# PO4 Lamotte or hach kit recommendations



## IUnknown (Feb 24, 2004)

What model number Hach kit should I get to measure PO4? Has anyone used the Lamotte PO4 kit? What is a AccuVac Kit?
Hach.com


----------



## ShaneSmith (Feb 15, 2004)

I use Lamotte co2 nitrate and po4 test kits. All pretty good. Go by color comparison on No3 and Po4. Easy to follow instructions. If you have good eyes they are accurate.


----------



## IUnknown (Feb 24, 2004)

The problem I have with the No3 kit is the colors for 1 and 2 look the same. The hach kit looks better, so I am going to try that one next time around. I guess with the lamotte PO4's range of 0-2ppm, the color should be easier to figure out?


----------



## Cavan Allen (Jul 22, 2004)

When I first got my Lamotte nitrate kit, 1 and 2 *were* the same. Either that or they were reversed. I can't really remember. I know because I compared my comparitor to a friend's.

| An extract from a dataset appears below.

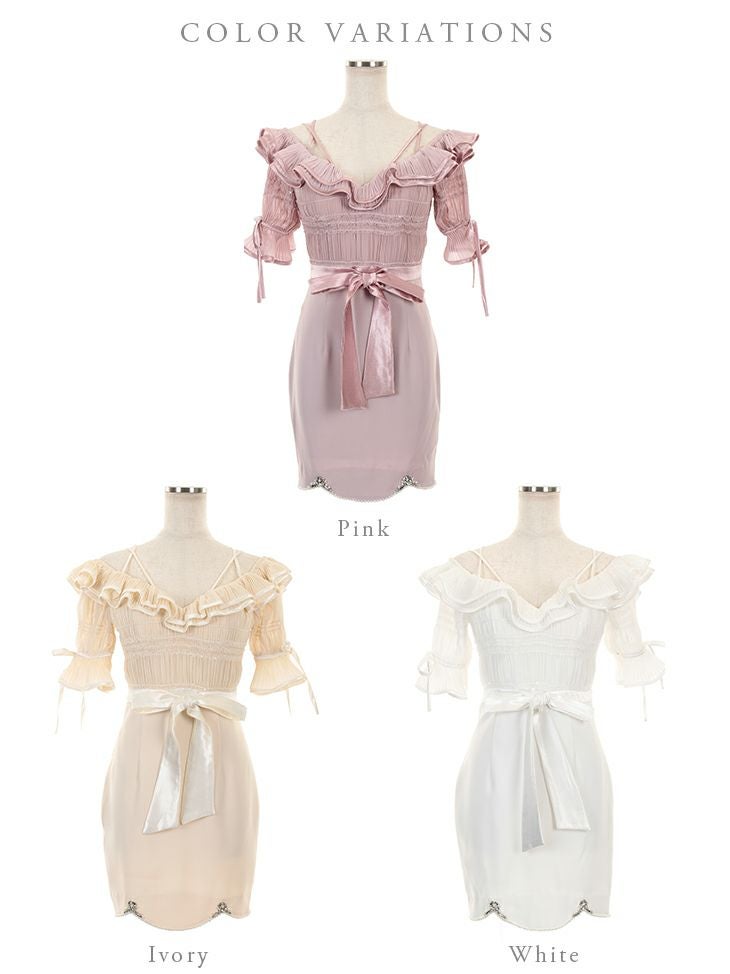 ローブドフルール♡ミニドレス　スパンコール ROBEdeFLEURS/ローブドフルール】スパンコール付き シフォン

Anyway, Lamotte sent me a new one without any problem, but I suppose it's always possible that it has happened to others from time to time. 1 and 2 look different enough on the the one I have now.


----------



## Laith (Sep 4, 2004)

Out of curiousity, how much did you people pay for your LaMotte kits?

I finally managed to track down a LaMotte distributor here in Europe and he's quoting me EUR 62 (US$70) for the Nitrate kit, EUR 93 (US$107) for the phosphate kit and EUR 108 (US$125) for the Fe kit.

Are these prices normal for the LaMotte kits? I knew they were supposed to be expensive as they are said to be very good, but this much?


----------



## IUnknown (Feb 24, 2004)

http://www.reefsplendor.com/pages/lamotte/lamotte.1.html
you can get the kits direct from lamotte. You just have to call them to place the order.


----------



## Laith (Sep 4, 2004)

I tried LaMotte directly and they sent me to their European distributor who gave me those prices...


----------



## david lim (Mar 30, 2004)

Got my lamotte n03- kit off ebay for $30. I also got a used Hach Fe++ kit from the last AGA meeting for $10 . But anyway I would keep a lookout on ebay.


----------



## ShaneSmith (Feb 15, 2004)

They half a shelf life. Have yours expired?


----------



## IUnknown (Feb 24, 2004)

good prices,
http://www.aquasales.com/cgi-bin/SoftCart.exe/asstore/lmtestkit.html?L+aquasale+kejr6020+1103922761


----------